### [Goal of the exercise]
In the entries that follow, how many lines hold "Green"? Nothing but the number is expected.

### [Provided records]
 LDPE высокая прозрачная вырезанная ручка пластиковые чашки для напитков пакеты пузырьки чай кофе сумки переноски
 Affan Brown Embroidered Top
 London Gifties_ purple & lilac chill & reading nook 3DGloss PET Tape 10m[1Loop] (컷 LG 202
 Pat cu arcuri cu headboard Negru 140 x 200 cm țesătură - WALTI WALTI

* * *

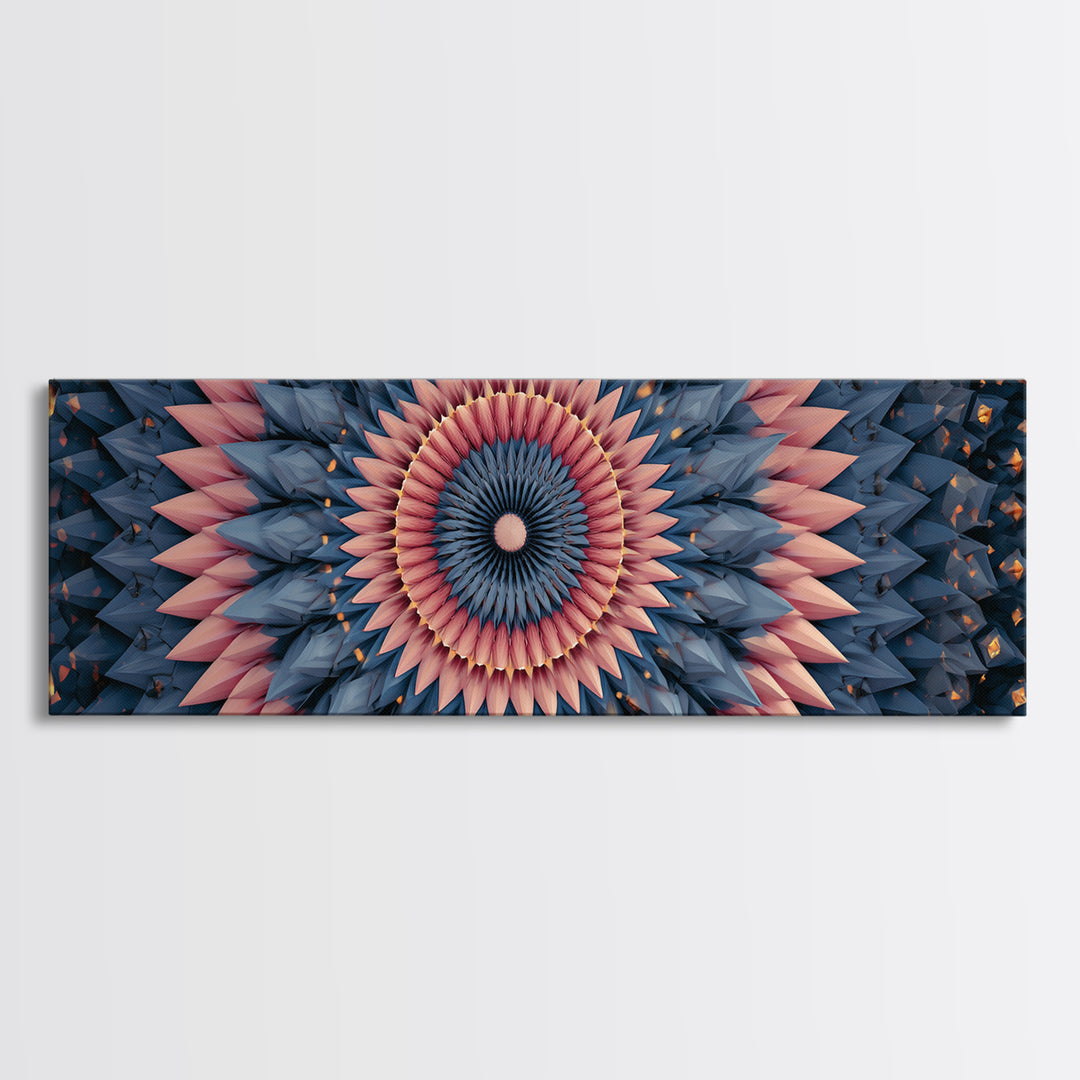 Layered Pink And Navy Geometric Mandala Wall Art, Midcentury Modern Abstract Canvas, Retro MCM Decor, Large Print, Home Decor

* * *

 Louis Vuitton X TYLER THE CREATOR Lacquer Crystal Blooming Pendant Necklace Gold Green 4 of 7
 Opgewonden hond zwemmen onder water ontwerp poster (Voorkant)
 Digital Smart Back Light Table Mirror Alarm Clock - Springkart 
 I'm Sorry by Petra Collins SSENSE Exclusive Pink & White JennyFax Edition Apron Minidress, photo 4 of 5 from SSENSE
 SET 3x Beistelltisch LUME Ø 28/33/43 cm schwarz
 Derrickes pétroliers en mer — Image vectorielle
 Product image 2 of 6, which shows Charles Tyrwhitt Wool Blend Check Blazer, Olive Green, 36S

### [Solved problem]
2